Dari catatan Yi Jing itulah diketahui bahasa yang disebutnya sebagai bahasa Kunlun, dipakai secara luas sebagai bahasa resmi kerajaan, bahasa agama, bahasa ilmu dan pengetahun, bahasa perdagangan, dan bahasa dalam komunikasi sehari-hari masyarakat.
Yi Jing mengatakan bahwa bahasa Kunlun telah dipelajari dan dikuasai oleh para pendeta agama Budha Dinasti Tang.
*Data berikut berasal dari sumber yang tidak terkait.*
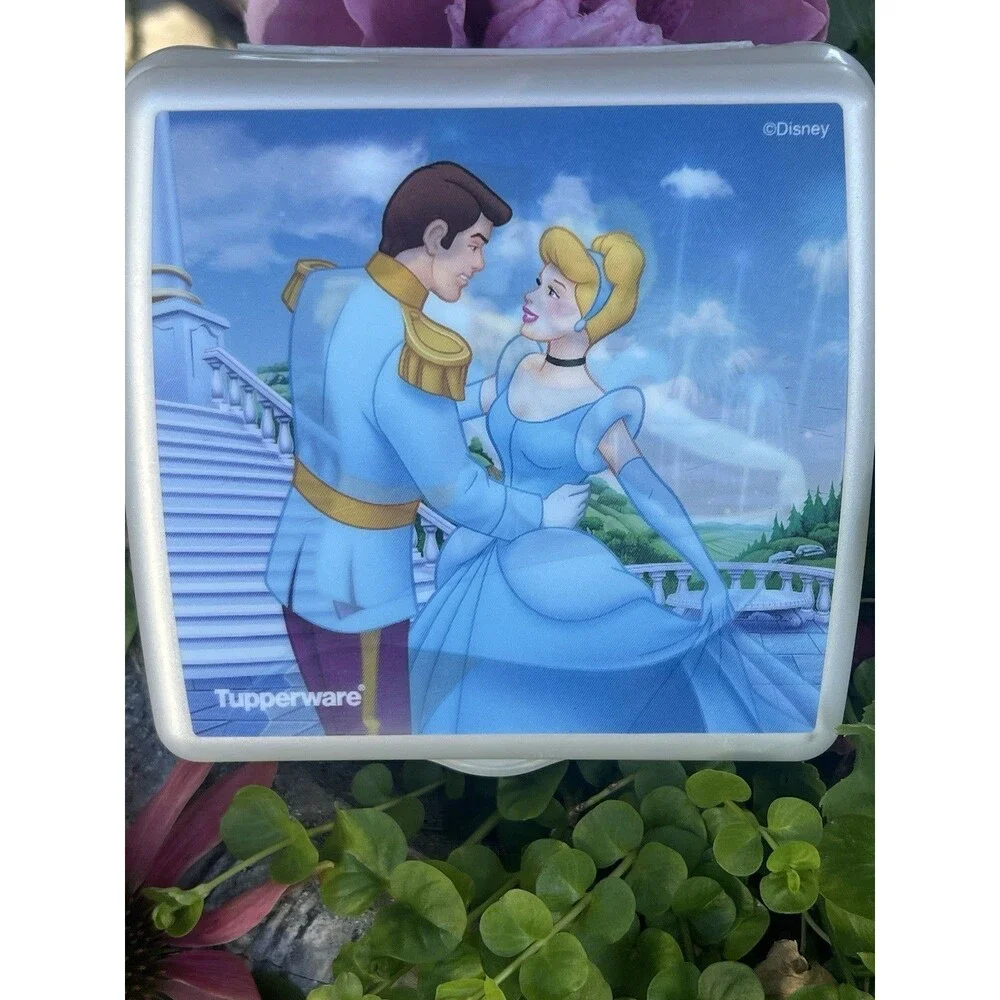 2004 Y2K Disney Cinderella Tupperware Lenticular Sandwich Keeper Collector Item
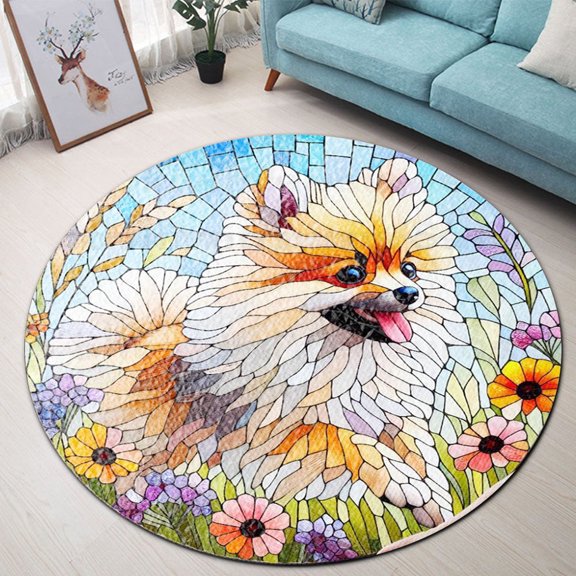 Round Area Rug, Dog50 Non-Slip Floor Mat, Soft Washable Carpet for Living Room Bedroom Decor 24 Inch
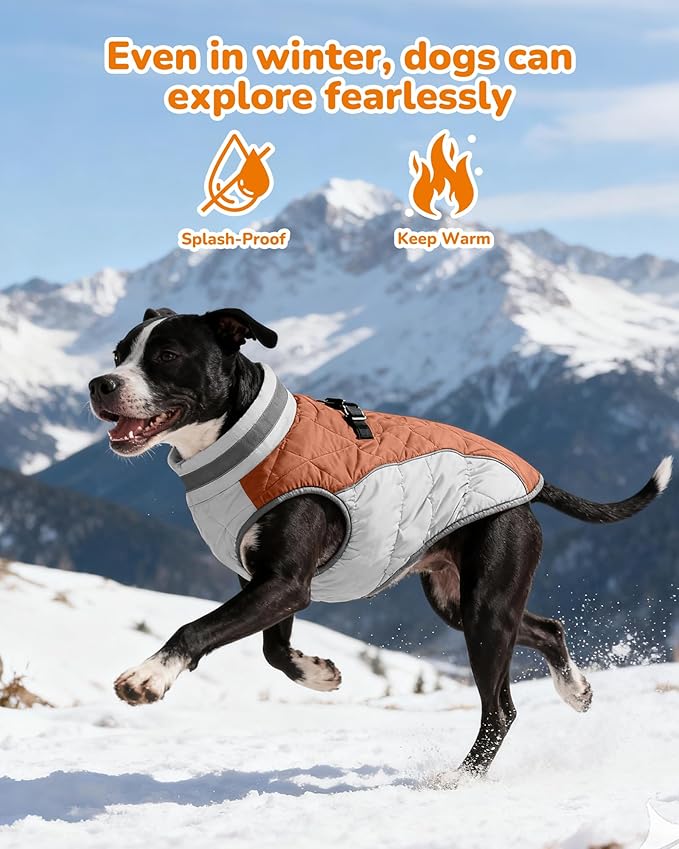 Dog Coat for Medium Dogs, Adjustable Dog Jackets for Cold Weather, Reflective Winter Coat with Built-in Harness, Snowsuit Fits Dogs 14-25 lbs and Up, Size M Brown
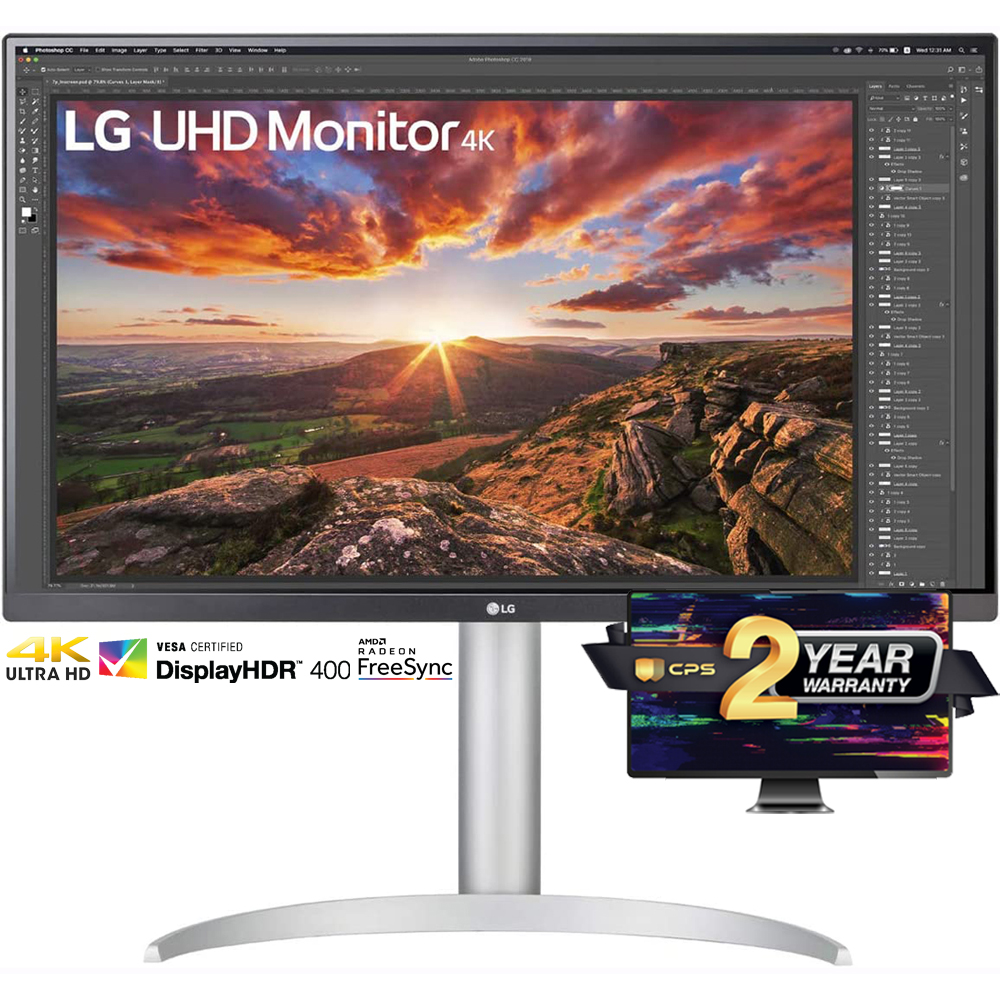 LG 27UP850NW 27" IPS 4K UHD VESA HDR400 Monitor with USB TypeC Bundle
Mereka menggunakan bahasa Kunlun untuk menyebarkan agama Budha di Asia Tenggara.
”Dengan demikian, bahasa Kunlun menjadi bahasa kedua para pendeta itu. Ringkasnya, bahasa Kunlun merupakan bahasa resmi Kemaharajaan Sriwijaya dengan seluruh daerah taklukannya yang meliputi Asia Tenggara,”jelas Abdul Malik yang juga dosen di UMRAH Tanjungpinang.
Pada masa itu, kata Abdul Malik lagi, bahasa Kunlun telah menjadi bahasa internasional. Ternyata, bahasa Kunlun yang disebut Yi Jing dalam catatannya itu ialah bahasa Melayu Kuno.
Pada masa Sriwijaya itu bahasa Melayu telah dipengaruhi oleh bahasa Sansekerta yang dibawa oleh kebudayaan India. Bangsa India menyebut bahasa Melayu sebagai Dwipantara sejak abad pertama masehi lagi.
”Bahasa Kunlun adalah bahasa Melayu Kuno, sedangkan Bahasa Melayu Tinggi yg digunakan zaman Raja Ali Haji disebut bahasa Melayu Klasik. Setelah bahasa Melayu klasik itulah sekarang kita menggunakan bahasa Melayu modern atau bahasa Indonesia,” jelas Abdul Malik.
Bahasa Melayu Klasik dimulai sejak abad ke-15 dengan masuknya pengaruh Islam. Bahasa Kunlun lebih banyak pengaruh bahasa Sansekerta dari tradisi Hindu-Budha.
Bahasa Kunlun menggunakan aksara Palawa, sedangkan Melayu Klasik menggunakan aksara Arab-Melayu (Jawi).